Tech Tired: Does Advertising Constrain Tech Stock Growth?
U.S. stock markets are hitting record highs, often led by so-called tech stocks like Google, Facebook, and Amazon, now valued at three to five times their 2008 prices. In contrast to tech titans like Microsoft and Apple that produce and sell technology products, however, these companies earn their revenue largely through advertising. Amazon, grouped in with tech companies, is more a logistics and payment services behemoth.
How long can this go on?
Google and Facebook earn almost all of their revenue through advertising. They have continually upgraded their advertising technology through acquisitions and their own innovations, capturing an increasing share of the advertising market.
Both companies use their massive advertising dollars from Google Search, Gmail, Facebook, and Instagram to prop up various often unprofitable ventures. Subsidizing across the company hasn’t negatively impacted their bottom lines, however, as reflected in their equity prices.

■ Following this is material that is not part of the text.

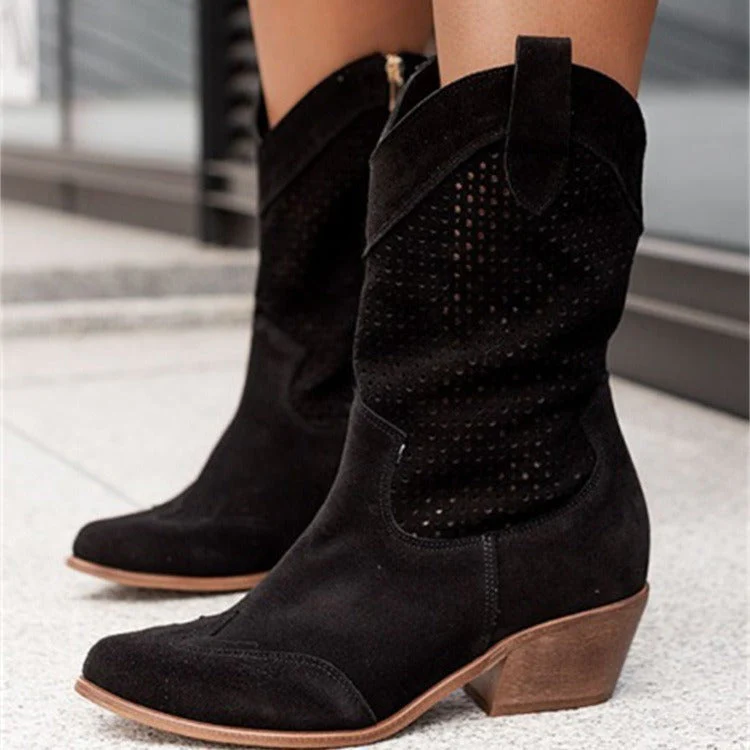 Elegante Niedrig Geschnittene Stiefel Heidi Mode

A business model that depends almost exclusively on advertising revenues begs the question of whether there are not overall limits to the size of the advertising market, and whether digital’s share of that market can continue to enjoy double-digit growth in what is historically at best a slow-growing market. While traditional, or non-digital, advertising has stagnated since 2011, the overall advertising market has grown at only about 4.5 percent a year even with the geometric rise in the digital segment.
Testing the limits
In 2011, digital advertising accounted for 20 percent of all ad revenues, doubling that share by 2017. Unless growth in the advertising sector itself accelerates, digital advertising—growing at about five times the pace of the total market—will soon dominate the market. (Chart 1)
Chart 1: Growth in digital at current rates would overwhelm traditional advertising
As a practical matter, digital cannot completely replace traditional advertising through television, radio, and print, but under current rates of digital growth it will account for virtually all advertising by 2023. Realistically, digital advertising will hit a cap, potentially when it controls two-thirds of the market.
Amazon, Microsoft, and others are currently making massive investments in advertising technology to compete in what is clearly a constrained digital market. Some existing advertising-driven tech companies like Snapchat and Twitter, for example, are already struggling to succeed.
Assuming recent growth rates of 4.5 percent in total advertising continue and digital is limited in its expansion, digital formats could still account for a dominant share of all U.S. advertising by 2023, a market that makes up more than a third of the world total.1 However, this suggests a significant slowdown in digital’s growth, falling from an average of 17.5 percent in 2011-2016 to the high single digits by 2023. (Chart 2)
Chart 2: Despite stagnating traditional advertising, digital will run out of room to expand before long
The long and short of it is that digital advertising is becoming more competitive at the same time that the upside opportunity is more limited. Today, these stocks enjoy lofty P/E ratios, pointing to very high investor expectations for the future. In our judgment, these expectations are likely to meet with disappointment. The advertising market is often compared to smoke and mirrors and, in the case of digital advertising, eventually that’s what investors will be left with.
1 “MAGNA Global Advertising Forecast Winter Update.” MAGNA, December 5, 2016.